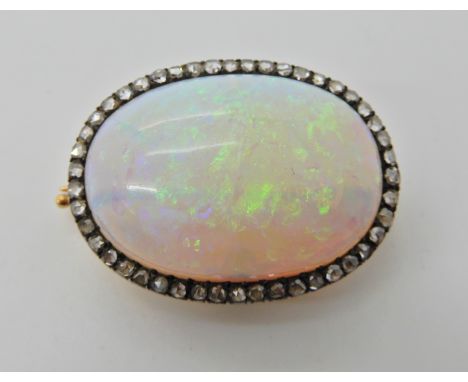 A Continental large white opal and rose cut diamond brooch, with a screw on converter to turn it into a pendant. Dimensions o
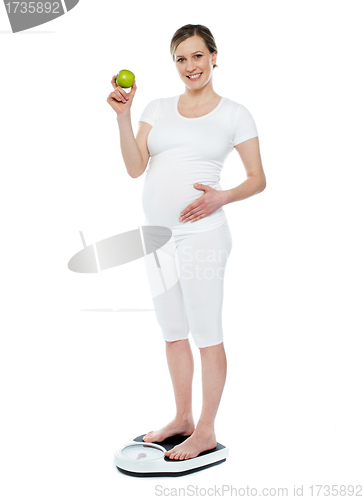 Image of Pregnant woman standing on weighing machine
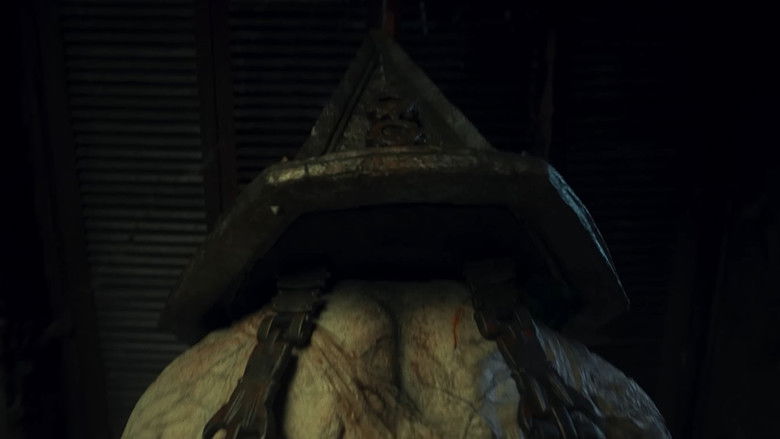 A grotesque monster emerging from the darkness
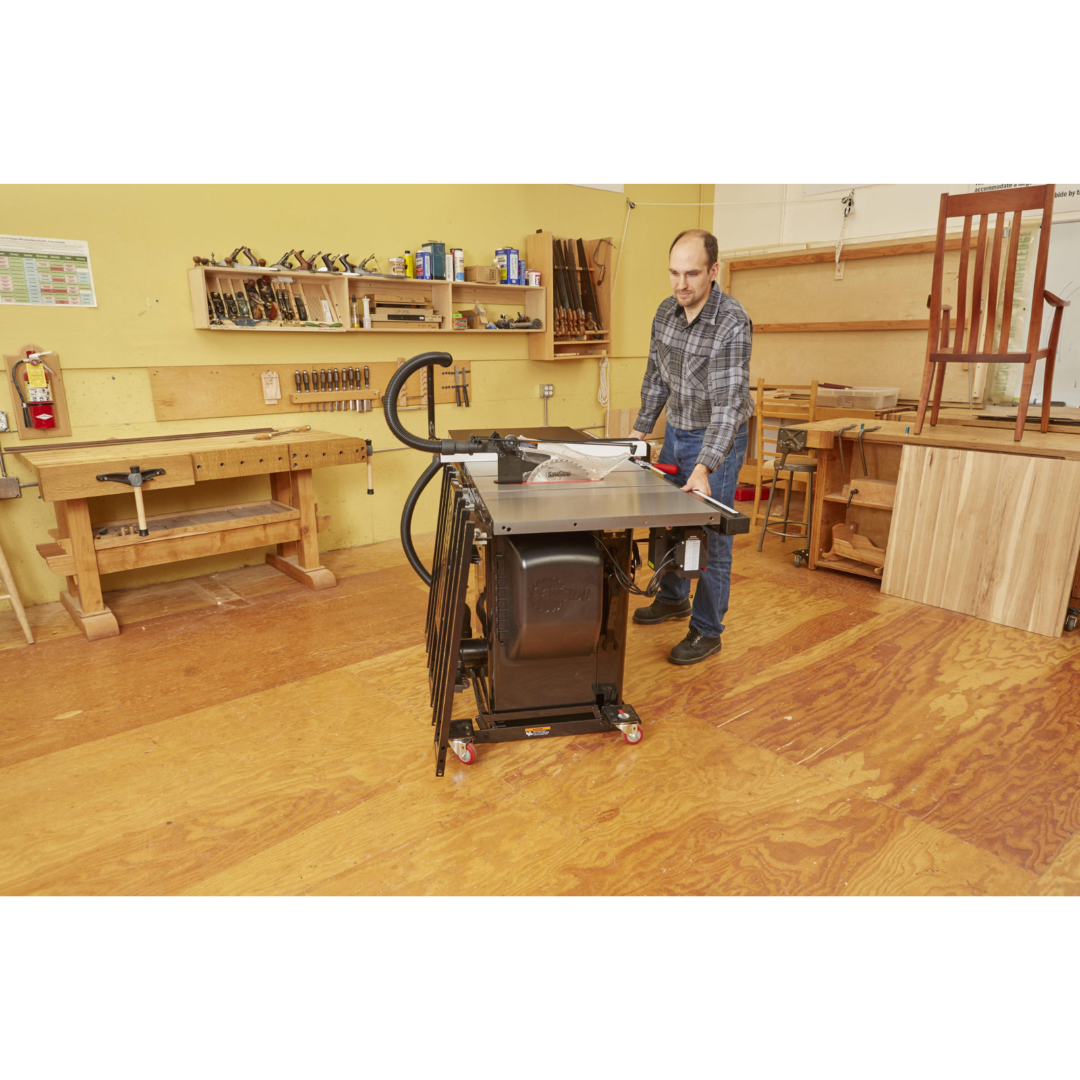 Workshop demonstration of the SawStop Industrial Mobile Base For PCS MB-PCS-IND supporting a cabinet table saw, providing mobility, workspace flexibility, and heavy-duty performance for industrial applications.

# [WHAT THE TASK ASKS]
Only the words belong in your copy: restate the data above exactly and leave the images out.

# [ANSWER TO THIS EXERCISE]
 A Continental large white opal and rose cut diamond brooch, with a screw on converter to turn it into a pendant. Dimensions o
 Image of Pregnant woman standing on weighing machine
 A grotesque monster emerging from the darkness
 Workshop demonstration of the SawStop Industrial Mobile Base For PCS MB-PCS-IND supporting a cabinet table saw, providing mobility, workspace flexibility, and heavy-duty performance for industrial applications.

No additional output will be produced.